La Sasil è riuscita finora a trattare circa 200.000 tonnellate annue di scarto, ottenendo un duplice vantaggio: uno ambientale diretto e uno secondario, in quanto l’utilizzo in  vetreria del 70% di rottame ha consentito – per effetto della riduzione del consumo di energia per la fusione del vetro e grazie alla minore perdita al fuoco della miscela infornata - una riduzione delle emissioni di CO2 in atmosfera pari a circa 54.000 tonnellate all’anno.
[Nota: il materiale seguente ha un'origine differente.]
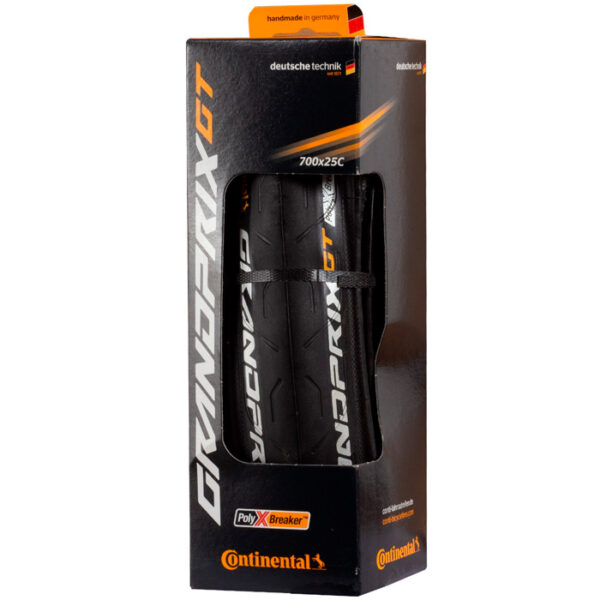 carnivalbikes-Neumatico-ruta-Continental-Grand-Prix-Gt-700-distribuidor-triatlon-chile-velodromo-pista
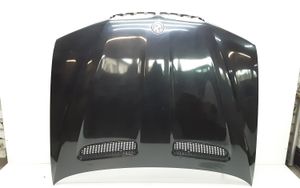 BMW X5 E53 Engine bonnet/hood 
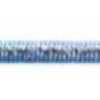 Light Blue/Silver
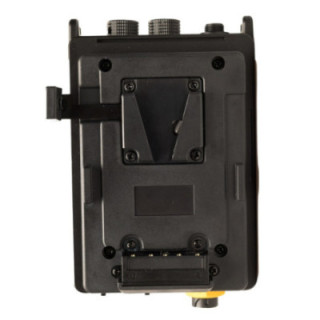 Aladdin MM-DIM-LM - MOSAIC MINI Dimmer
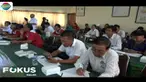 Usulan penghentian layanan internet pada saat berlangsungnya Catur Brata Penyepian di Bali diungkapkan kembali ketua PHDI Bali.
Inoltre l’utilizzo di circa 190.000 tonnellate di vetro trattato, in sostituzione di altrettante tonnellate di materia prima nelle industrie vetrarie, ceramiche e dei laterizi, ha permesso la riduzione dell’impatto causato dal processo di estrazione.

Il progetto si è sviluppato attraverso la realizzazione di tre azioni principali, per una durata complessiva di quattro anni, dal 2006 al 2009. La prima fase è stata caratterizzata dallo studio e realizzazione di un sistema di trattamento delle acque, che ha consentito di operare un lavaggio del vetro in circuito chiuso e di portare il contenuto di sostanze organiche del vetro a livelli moto bassi, tali da evitare qualsiasi problema nelle applicazioni delle nuove materie prime. Il secondo step ha visto la realizzazione di un sistema di arricchimento delle materie plastiche ottenute nel trattamento di lavaggio del vetro, che ha permesso di mettere a punto un  impianto pilota capace di trasformare in combustibile la maggior parte delle materie plastiche recuperate. La terza azione ha comportato infine prove di utilizzo del vetro trattato presso le industrie vetrarie, ceramiche e dei laterizi, per ottimizzare la qualità dei vari prodotti, fino ad un utilizzo complessivo di 190.000 tonnellate all’anno.

I risultati ottenuti hanno confermato le aspettative, e si tratta di importanti passi in avanti nell’ottimizzazione del processo di smaltimento del vetro riciclato. Basti pensare che il 99% del rottame di vetro finora destinato in discarica, con questo sistema può essere completamente riciclato, con la conseguente riduzione dal 50 al 30% dell’utilizzo di materia prima per la produzione di vetro.

Dal punto di vista della sostenibilità ambientale il processo MEIGLASS ha dunque una grande potenzialità: sono in gioco non solo la riduzione dei rifiuti e l’efficienza nell’utilizzo delle materie prime, ma anche l’efficienza energetica e la diminuzione di inquinamento atmosferico dell’intero processo. La riduzione del consumo di energia dell’industria del vetro e la sostituzione della energia termica, utilizzata dalla Sasil nei processi secondari di essiccazione, con l’energia prodotta dalla pirolisi, rappresentano anch’essi un risultato positivo del progetto. Ma non bisogna dimenticare la riduzione di emissioni di CO2 conseguente sia alla riduzione dell’utilizzo di carbonati nell’industria vetraria, che al risparmio energetico dovuto alla sostituzione parziale di minerali cristallini.

La Sasil ha potuto sviluppare il progetto grazie ad un finanziamento dall’Unione Europea, nell’ambito del Programma LIFE. Sull’intero costo del progetto, stimato in sei milioni di euro, l’UE ha contribuito con circa un sesto dell’ammontare, confermando la priorità, tra gli obiettivi europei, dell’efficienza nell’utilizzo di risorse e materie prime e la riduzione dei rifiuti. Ora che la tecnologia è sviluppata serve però diffonderne i benefici e creare le condizioni economiche e finanziarie affinché il processo possa essere attuato dalle imprese che producono vetro.